Characterization Methods

The depth, slope, rugosity and geographical zone for each image were determined from bathymetry data collected during each mission (click here for bathymetry data). Geographical zone was assessed based on the relative position of each image to broad-scale geological features according to Green et al. 1999 (e.g., continental shelf, continental slope, abyssal plain).

Each image was characterized by an observer trained in distinguishing benthic habitats at depths between 20m and 1000m. A hierarchy of geomorphological structure types was used to classify benthic habitats. At its coarsest spatial scale, benthic habitats are divided into “hard bottom”, “soft bottom” and “other” types. Each of these is further divided into numerous subcategories which describe greater detail at finer spatial scales. The list of geomorphological structure types incorporate contributions from Green et al. (1999), Kendall et al. (2004) and a preliminary assessment of video data to identify which benthic habitat types were present.

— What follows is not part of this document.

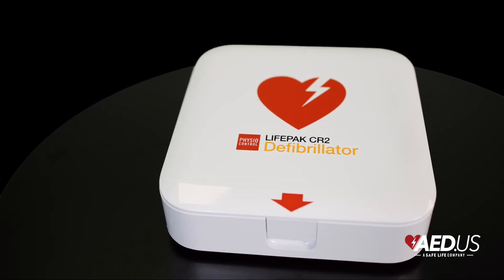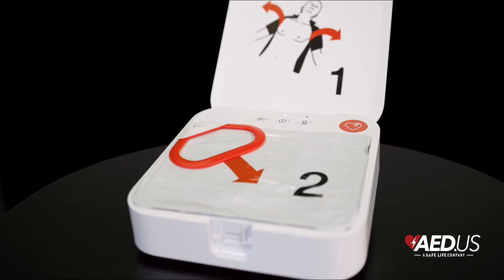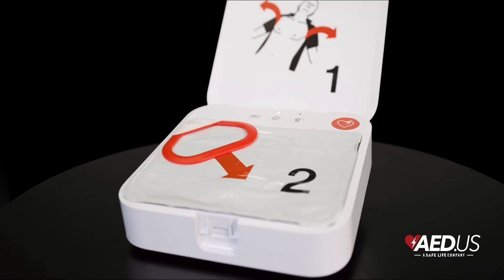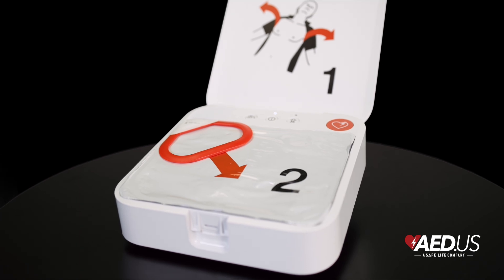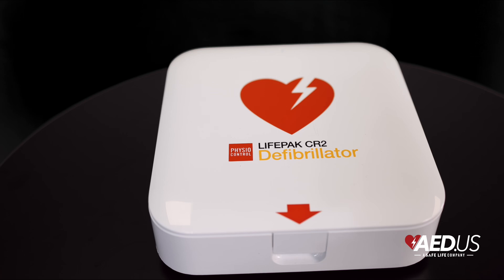Ease of use is at the heart of the CR2's design. It features clear graphics and voice instructions to walk you through each step so you're never guessing what to do. The quick-set pads peel off the base in seconds, because no one wants to be wasting time wrestling sticky pads in an emergency. It eliminates unnecessary pauses so you can keep the momentum going when it matters the most.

A biological assessment was also carried out for each image to provide complementary data on the biotic cover. Numerous categories of biotic cover were used to classify organisms, including hard coral, soft coral, sponges, coralline algae, turf/filamentous algae, and uncolonized area. The spatial coverage of biotic cover in each category was quantified according to the following ordinal scale:

  1. Absent (0%)
  2. Rare (1%-10%)
  3. Sparse (11%-50%)
  4. Patchy (51%-90%)
  5. Continuous (91%-100%)
  6. Unknown

All observer characterizations corresponded to dimensions which define the envisioned benthic habitat map's minimum mapping unit (MMU) (i.e. map spatial resolution). A range of MMUs, which increased in size with depth were used to accurately map benthic habitats. A single MMU was not employed, because either spatial resolution would be lost at shallower depths or characterizations would be inappropriate for deeper sites. The MMUs were determined by the spatial resolution of the multibeam sonar signals used to make the map. In depths shallower than 50m the MMU was 2m by 2m, between 50m and 250m the MMU was 5m by 5m and in depths greater than 250m the MMU was 10m by 10m. At depths below 200m and during the 2007 mission, when still photos were taken from video data, much of the characterization was completed using video data.